** Work to complete **
The pictures in the data below are to be omitted; all else must be duplicated exactly.

------------

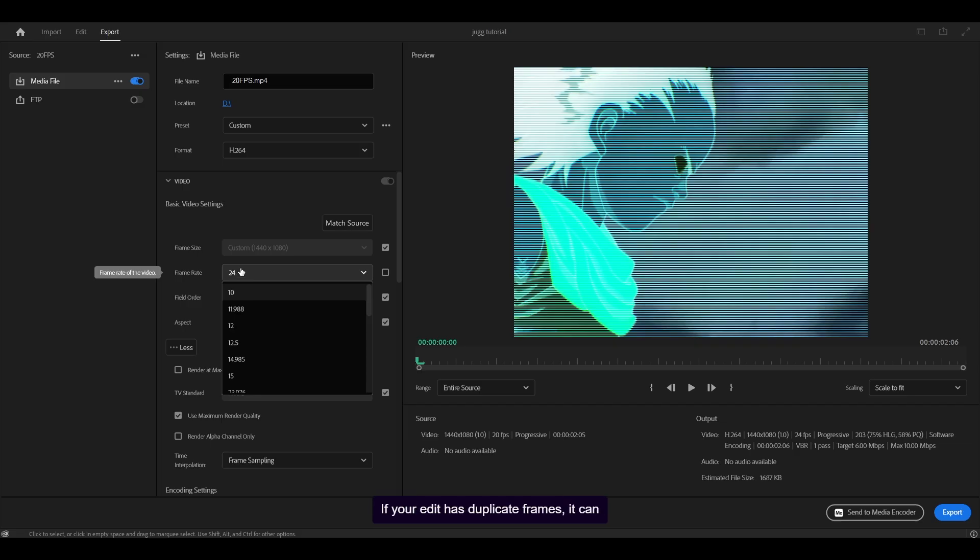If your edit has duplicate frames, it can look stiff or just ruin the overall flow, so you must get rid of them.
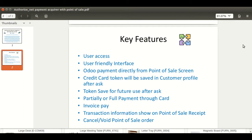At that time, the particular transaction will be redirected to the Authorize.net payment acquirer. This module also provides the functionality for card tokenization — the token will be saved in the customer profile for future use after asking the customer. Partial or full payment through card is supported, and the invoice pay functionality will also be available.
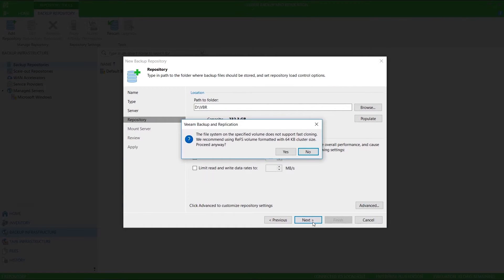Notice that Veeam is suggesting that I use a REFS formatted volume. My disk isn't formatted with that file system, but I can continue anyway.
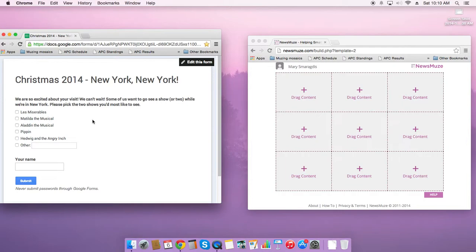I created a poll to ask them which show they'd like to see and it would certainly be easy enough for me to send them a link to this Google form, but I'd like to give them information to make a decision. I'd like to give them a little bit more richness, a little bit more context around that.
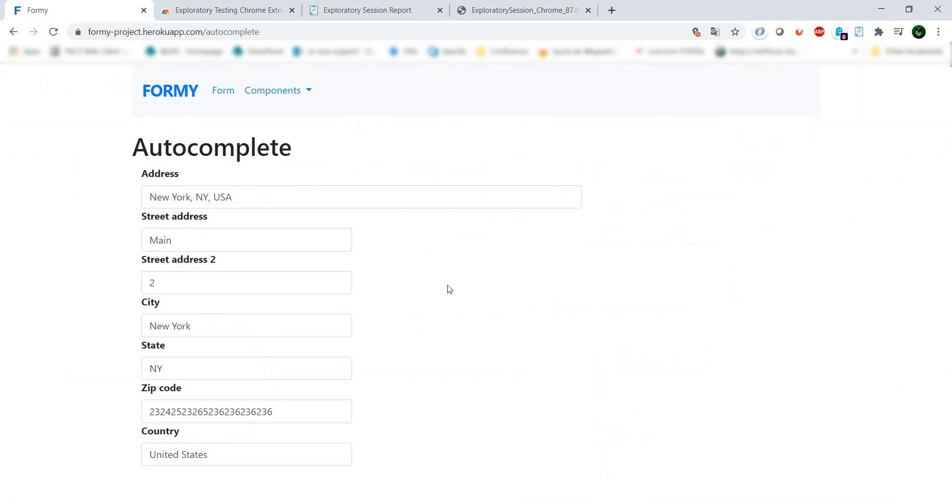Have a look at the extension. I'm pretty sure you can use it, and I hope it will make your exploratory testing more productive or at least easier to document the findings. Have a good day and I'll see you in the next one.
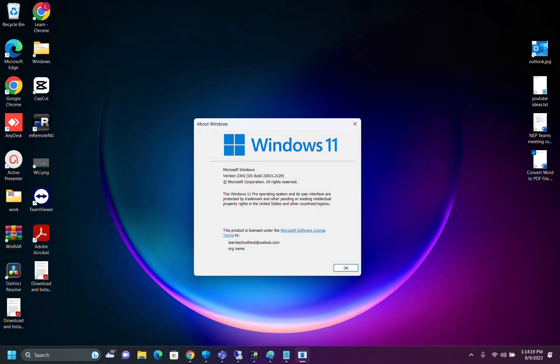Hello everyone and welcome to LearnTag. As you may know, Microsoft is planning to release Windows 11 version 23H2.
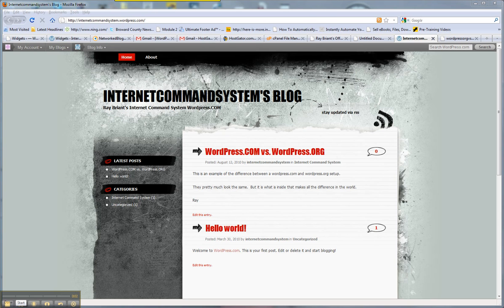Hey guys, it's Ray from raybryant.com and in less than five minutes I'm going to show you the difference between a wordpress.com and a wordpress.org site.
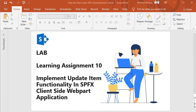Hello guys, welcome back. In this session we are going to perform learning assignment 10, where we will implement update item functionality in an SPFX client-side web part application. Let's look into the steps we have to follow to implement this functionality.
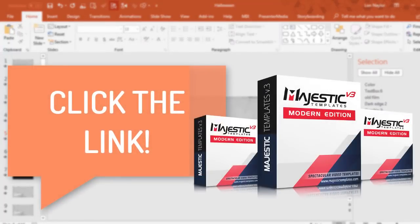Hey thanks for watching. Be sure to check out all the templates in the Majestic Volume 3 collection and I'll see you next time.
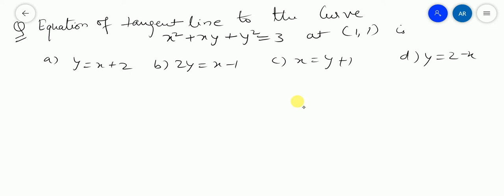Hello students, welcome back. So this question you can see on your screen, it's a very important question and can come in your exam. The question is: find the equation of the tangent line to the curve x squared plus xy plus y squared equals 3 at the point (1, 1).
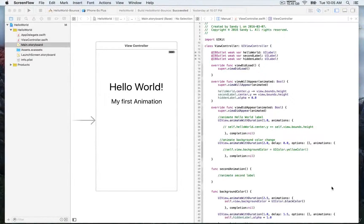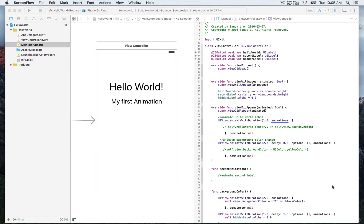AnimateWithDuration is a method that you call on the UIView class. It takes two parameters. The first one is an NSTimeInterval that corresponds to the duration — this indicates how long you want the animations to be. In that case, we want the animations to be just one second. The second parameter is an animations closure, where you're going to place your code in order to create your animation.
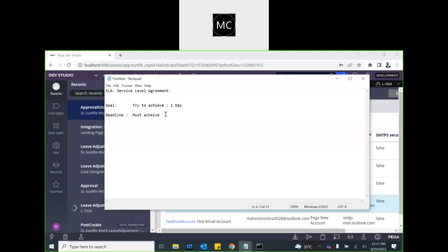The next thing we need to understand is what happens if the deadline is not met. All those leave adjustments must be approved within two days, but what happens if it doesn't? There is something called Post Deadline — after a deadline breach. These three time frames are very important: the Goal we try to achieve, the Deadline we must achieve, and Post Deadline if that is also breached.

------------

** Reply to the task **
If your edit has duplicate frames, it can look stiff or just ruin the overall flow, so you must get rid of them.
At that time, the particular transaction will be redirected to the Authorize.net payment acquirer. This module also provides the functionality for card tokenization — the token will be saved in the customer profile for future use after asking the customer. Partial or full payment through card is supported, and the invoice pay functionality will also be available.
Notice that Veeam is suggesting that I use a REFS formatted volume. My disk isn't formatted with that file system, but I can continue anyway.
I created a poll to ask them which show they'd like to see and it would certainly be easy enough for me to send them a link to this Google form, but I'd like to give them information to make a decision. I'd like to give them a little bit more richness, a little bit more context around that.
Have a look at the extension. I'm pretty sure you can use it, and I hope it will make your exploratory testing more productive or at least easier to document the findings. Have a good day and I'll see you in the next one.
Hello everyone and welcome to LearnTag. As you may know, Microsoft is planning to release Windows 11 version 23H2.
Hey guys, it's Ray from raybryant.com and in less than five minutes I'm going to show you the difference between a wordpress.com and a wordpress.org site.
Hello guys, welcome back. In this session we are going to perform learning assignment 10, where we will implement update item functionality in an SPFX client-side web part application. Let's look into the steps we have to follow to implement this functionality.
Hey thanks for watching. Be sure to check out all the templates in the Majestic Volume 3 collection and I'll see you next time.
Hello students, welcome back. So this question you can see on your screen, it's a very important question and can come in your exam. The question is: find the equation of the tangent line to the curve x squared plus xy plus y squared equals 3 at the point (1, 1).
AnimateWithDuration is a method that you call on the UIView class. It takes two parameters. The first one is an NSTimeInterval that corresponds to the duration — this indicates how long you want the animations to be. In that case, we want the animations to be just one second. The second parameter is an animations closure, where you're going to place your code in order to create your animation.
The next thing we need to understand is what happens if the deadline is not met. All those leave adjustments must be approved within two days, but what happens if it doesn't? There is something called Post Deadline — after a deadline breach. These three time frames are very important: the Goal we try to achieve, the Deadline we must achieve, and Post Deadline if that is also breached.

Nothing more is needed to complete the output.